Applied Materials, Inc. (AMAT) stock looks vulnerable after posting an all-time high in March and could offer profitable short sales in the coming months. This is bad news for a chip sector that has lost its mojo in the summer of 2018, failing to join major indices at bull market highs. A trio of fierce headwinds is buffeting the underperforming group, which could be at the cusp of a multi-year downtrend.
The PHLX Semiconductor Index (SOX) turned lower after testing the 2000 internet bubble high in March and has failed to attract buying interest since that time, signaling a potential long-term top. Trade tensions have added fuel to the technical reversal, with semiconductors now showing up on international tariff lists. Making matters worse, chip demand and pricing may be at a cyclical peak, with profits and revenues set to decline in coming years.
Market players may believe that broad tech strength will limit sector downside, but this group has a well-documented history of trading independently for years at a time, ignoring major benchmarks. The fruitful period following the 2000 to 2002 bear market offers a perfect example, with the Nasdaq-100 rallying to a six-year high in 2007 while the SOX topped out in 2003 and traded sideways to lower for the next five years. (For a refresher on the sector, check out: Semiconductor.)

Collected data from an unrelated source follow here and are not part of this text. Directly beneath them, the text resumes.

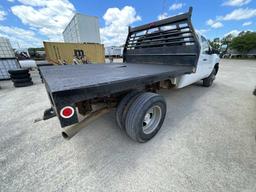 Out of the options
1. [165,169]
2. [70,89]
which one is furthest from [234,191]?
[70,89]

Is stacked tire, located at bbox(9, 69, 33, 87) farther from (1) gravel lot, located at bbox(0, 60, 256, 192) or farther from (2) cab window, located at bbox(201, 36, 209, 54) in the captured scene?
(2) cab window, located at bbox(201, 36, 209, 54)

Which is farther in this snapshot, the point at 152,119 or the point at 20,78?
the point at 20,78

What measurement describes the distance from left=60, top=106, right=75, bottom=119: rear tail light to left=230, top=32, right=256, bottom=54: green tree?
3859 centimetres

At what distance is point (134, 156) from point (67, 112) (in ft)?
3.96

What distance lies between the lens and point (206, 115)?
294 centimetres

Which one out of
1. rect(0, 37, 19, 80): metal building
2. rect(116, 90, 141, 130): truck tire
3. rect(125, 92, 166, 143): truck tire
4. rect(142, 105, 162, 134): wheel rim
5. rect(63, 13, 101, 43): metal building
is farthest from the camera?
rect(63, 13, 101, 43): metal building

AMAT Long-Term Chart (1990 – 2018)
Applied Materials stock gained ground throughout the 1990s, splitting five times into April 2000 when it topped out at $57.50. It turned sharply lower with other tech stocks when the internet bubble burst, carving a multi-wave decline that came to rest near $10.00 in October 2002. A bounce into the fourth quarter of 2003 ended below the April 2002 swing high, continuing a string of lower highs that continued into the next decade.
The bottom fell out during the 2008 economic collapse, dropping the stock to a 10-year low in the single digits, while a recovery wave into 2011 stalled at the .618 Fibonacci sell-off retracement level. It mounted that barrier in 2013, generating a buying wave that mounted the 2007 high at $23 in 2014, ending the 13-year string of lower highs. Even so, the uptrend generated little upside, stalling in the mid-$20s in 2015.

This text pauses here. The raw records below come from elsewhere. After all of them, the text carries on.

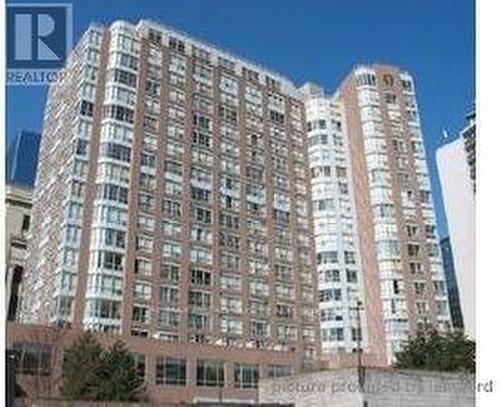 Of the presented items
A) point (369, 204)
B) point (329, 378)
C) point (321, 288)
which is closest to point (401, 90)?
point (369, 204)

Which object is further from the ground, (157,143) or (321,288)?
(157,143)

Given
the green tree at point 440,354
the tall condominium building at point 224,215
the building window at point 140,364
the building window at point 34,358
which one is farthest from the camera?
the tall condominium building at point 224,215

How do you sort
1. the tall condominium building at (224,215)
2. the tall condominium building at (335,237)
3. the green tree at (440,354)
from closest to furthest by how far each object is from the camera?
the green tree at (440,354)
the tall condominium building at (224,215)
the tall condominium building at (335,237)

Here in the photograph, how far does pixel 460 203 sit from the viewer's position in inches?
2299

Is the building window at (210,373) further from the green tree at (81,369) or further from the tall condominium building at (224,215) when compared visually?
the green tree at (81,369)

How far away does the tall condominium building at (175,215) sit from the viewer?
40.2 m

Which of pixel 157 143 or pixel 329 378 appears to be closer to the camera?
pixel 329 378

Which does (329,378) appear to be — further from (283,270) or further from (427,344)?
(283,270)

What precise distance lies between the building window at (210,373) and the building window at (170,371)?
0.78m

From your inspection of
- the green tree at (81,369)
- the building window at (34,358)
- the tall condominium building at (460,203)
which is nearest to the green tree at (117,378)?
the green tree at (81,369)

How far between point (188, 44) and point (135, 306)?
15.9 m

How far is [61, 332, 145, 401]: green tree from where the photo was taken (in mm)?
31766

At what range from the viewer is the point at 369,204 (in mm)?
50156

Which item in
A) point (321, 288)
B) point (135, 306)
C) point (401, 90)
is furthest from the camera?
point (401, 90) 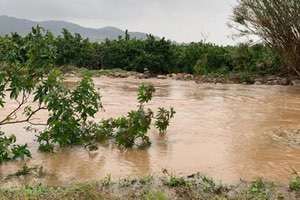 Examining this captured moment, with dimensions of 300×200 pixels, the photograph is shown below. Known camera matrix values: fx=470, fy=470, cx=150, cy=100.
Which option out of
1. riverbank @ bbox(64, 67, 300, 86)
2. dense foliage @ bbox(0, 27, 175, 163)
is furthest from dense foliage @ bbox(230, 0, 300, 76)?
dense foliage @ bbox(0, 27, 175, 163)

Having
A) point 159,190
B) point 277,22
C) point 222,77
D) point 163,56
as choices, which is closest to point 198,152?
point 159,190

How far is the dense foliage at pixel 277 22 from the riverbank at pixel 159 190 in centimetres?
1385

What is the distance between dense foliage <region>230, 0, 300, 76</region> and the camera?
1847cm

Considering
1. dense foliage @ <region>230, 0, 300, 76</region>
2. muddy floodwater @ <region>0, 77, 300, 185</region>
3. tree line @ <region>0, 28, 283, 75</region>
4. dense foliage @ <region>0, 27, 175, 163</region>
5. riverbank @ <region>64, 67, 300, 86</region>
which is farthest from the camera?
tree line @ <region>0, 28, 283, 75</region>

A pullback posted a higher low in the mid-teens in August 2015, setting the stage for a trend advance that mounted multiple resistance levels into November 2017, when the rally ended at the 2000 high. It tested that level in March 2018 and reversed once again, carving a steady decline that completed a double top pattern in June. The stock broke down last week, dropping to a 52-week low while signaling a primary downtrend that could reach the lower $30s. (See also: 5 Chip Stocks Facing Steep Declines.)
AMAT Short-Term Chart (2017 – 2018)
Price action probed the 2000 high five times between November 2017 and May 2018, failing to attract the buying power needed for a breakout. It then violated support at the 200-day exponential moving average (EMA), entering a positive feedback loop that signals capitulation, with shareholders exiting positions to find more profitable opportunities. It failed two attempts to remount the moving average, which has now rolled over, generating strong resistance that is typical in a new downtrend.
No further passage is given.